Of all the people that have no business being on facebook, Moms might be at the top of the list. Shanon sent me this comment she saw on one of her client's facebook pages, from his Mom:
"Before you were conceived, I wanted you. Before you were born, I loved you. When you were born, I saw your face and I knew I was in love. Before you were an hour old, I knew I would die for you. To this day, I will. Mother's day isn't about giving me anything, it's celebrating all that you already have!!"
This is the equivalent of Mom leaving you a note in your elementary school lunch bag and guess what, it makes me want to give you a noogie and steal your Twinkies just as much now as it did back then. Old Moms always leave comments like this. Yeah, they're supposed to be "sweet" & "endearing," but how an I supposed to leave a comment like "I can't believe you pooped on Andy's skylight last night" right below a heart-warming piece of Mom-poetry like that? One time my friend was being a vagina and so I commented as much on his facewall. His Mom (who I have known forever) commented right below mine. This is why whenever my Mom asks about facebook I make it look really high-tech and complicated, since the only thing worse than having to block your own Mom would be giving her lessons.

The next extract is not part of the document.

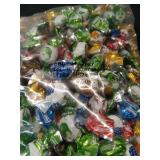 Colombina Fruit Filled Drops  Assorted Flavors  2.2 lb Bulk Bag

You're probably thinking but what about cool hip young Moms? Well they are even WORSE, because all they do is put picture after picture after picture up of their brand new baby and change their status update every time it farts. Why would you want to put all those pics of your baby up anyways, I feel like that's en open invitation for some Hand That Rocks The Cradle shit to go down. I fucking love that movie.